Les facteurs ESG constituent donc des pistes pour qui souhaite miser sur des entreprises capables de scruter leurs actions avec une loupe plus large que celle des profits directs.

La connaissance tu privilégieras

Photo : UdeS

Dans l’industrie de la finance responsable, le ou la spécialiste voit sa rémunération fluctuer non en fonction de la performance financière stricte de ses décisions, mais en fonction de sa capacité à intégrer les facteurs ESG à son analyse. Ce qui est bon pour tout le monde est aussi bon pour l’investisseur responsable.

De plus, chaque spécialiste gagne à partager ses connaissances, par sa pratique ou son discours.
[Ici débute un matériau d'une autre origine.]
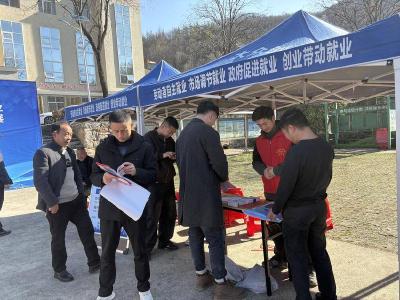 薛坪镇借力“春风行动” 暖兵心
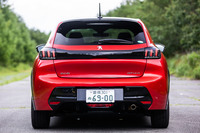 テールランプにも「ライオンがつけた3本の爪痕」をモチーフとしたデザインを採用。左右のランプ部分は、ブラックバンドと名付けられたガーニッシュでつなげられている。「GTライン」では、ルーフ後端に取り付けられるアンテナがショートタイプとなる。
Par exemple, certains acteurs du milieu des affaires seraient peut-être surpris d’apprendre que l’intégration des facteurs EGS dans les décisions d’investissement agit comme une police d’assurance. À rendement égal entre deux fonds choisis, la recherche tend à démontrer que le risque est mieux contrôlé chez celui répondant aux facteurs ESG.

Inclure les facteurs ESG ne coûte rien, mais les ignorer peut coûter cher, selon plusieurs spécialistes.

Les changements tu provoqueras

Appliquer les facteurs ESG est une première étape pour qui s’intéresse à la finance responsable. Mais c’est loin d’être la dernière. Pour provoquer des changements, d’autres stratégies existent :

  • Travailler avec les entreprises ciblées par les investissements de façon à les faire progresser relativement à différents enjeux;
  • Exercer son droit de vote lors des assemblées d’actionnaires, stratégie appelée « engagement actionnarial »;
  • Investir dans les entreprises et les fonds qui vont au-delà des facteurs ESG et génèrent des retombées tangibles sur les plans sociaux et environnementaux, ou « investissement à impact ».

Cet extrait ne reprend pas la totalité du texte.